- [Directions for this task] Copying rule for the data below: pictures stay out, and only the lines from the one with "Aytaşı-aytaşı/antrasit Aytası/antrasıt Arges" down to the one with "IC2308 heute Nacht", inclusive, are repeated exactly.

- [Input for this task]
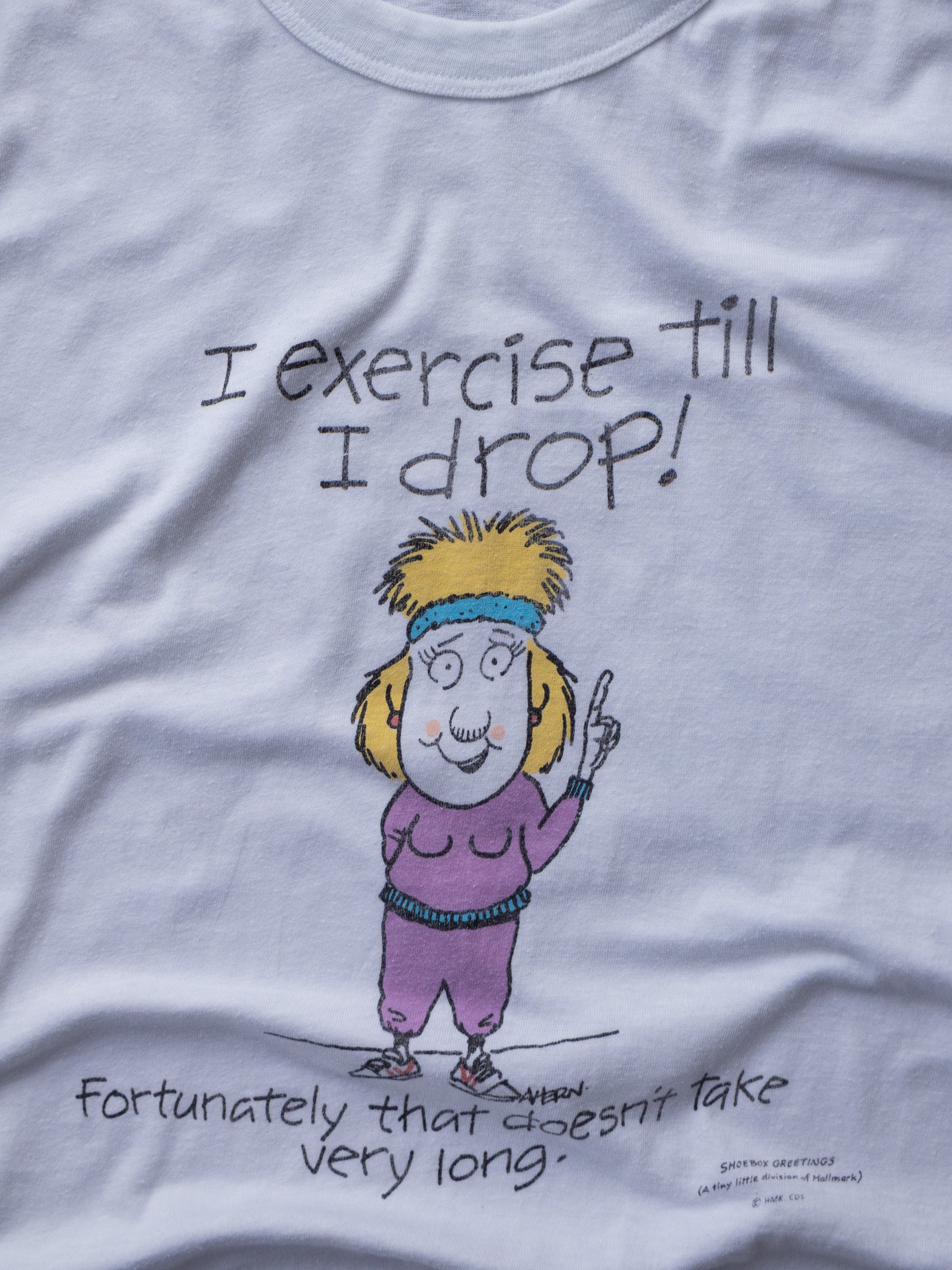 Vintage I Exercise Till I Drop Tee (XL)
==
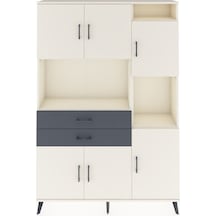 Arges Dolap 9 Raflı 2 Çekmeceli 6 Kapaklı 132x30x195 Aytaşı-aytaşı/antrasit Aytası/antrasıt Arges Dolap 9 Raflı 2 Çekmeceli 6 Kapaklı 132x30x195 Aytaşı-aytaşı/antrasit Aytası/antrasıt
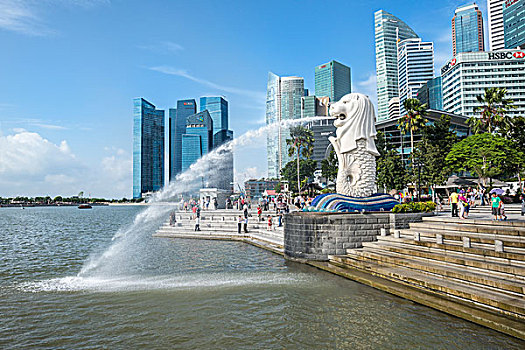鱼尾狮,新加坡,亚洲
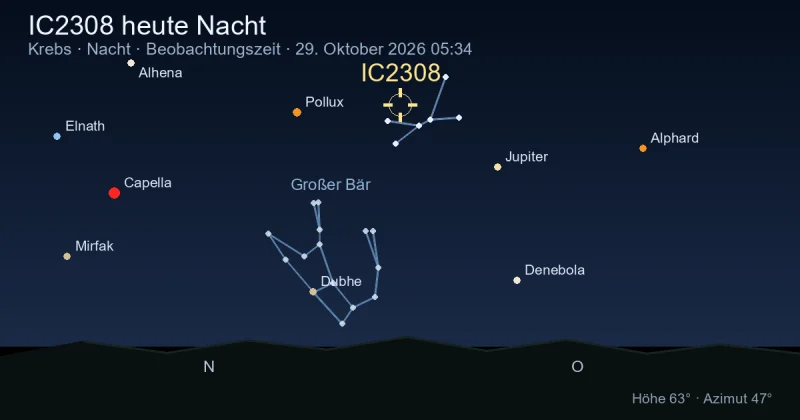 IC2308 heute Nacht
==
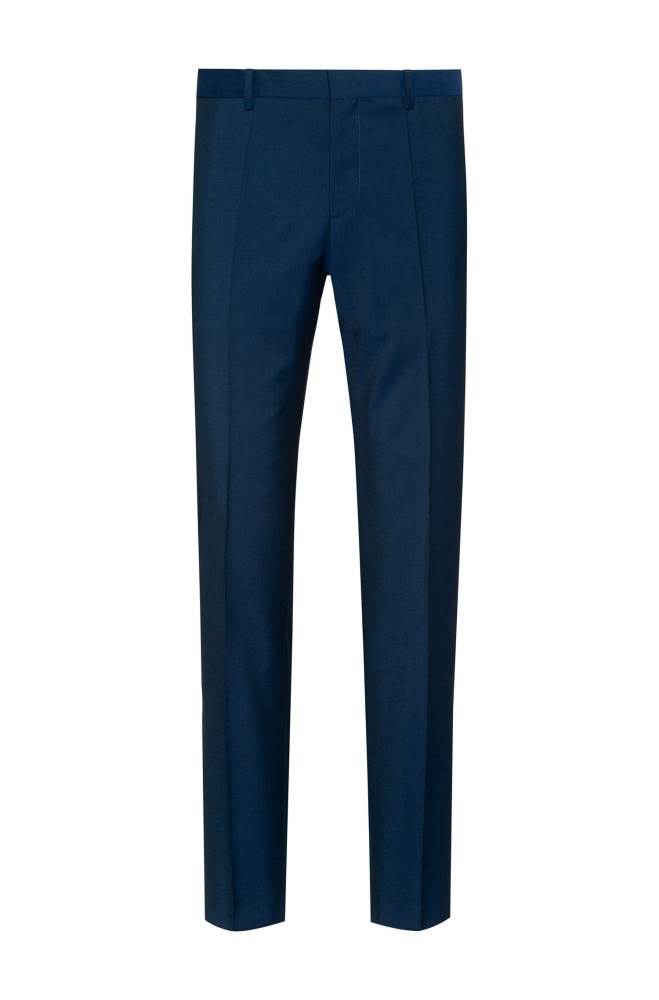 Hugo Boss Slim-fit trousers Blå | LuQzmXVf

- [Response]
 Arges Dolap 9 Raflı 2 Çekmeceli 6 Kapaklı 132x30x195 Aytaşı-aytaşı/antrasit Aytası/antrasıt Arges Dolap 9 Raflı 2 Çekmeceli 6 Kapaklı 132x30x195 Aytaşı-aytaşı/antrasit Aytası/antrasıt
鱼尾狮,新加坡,亚洲
 IC2308 heute Nacht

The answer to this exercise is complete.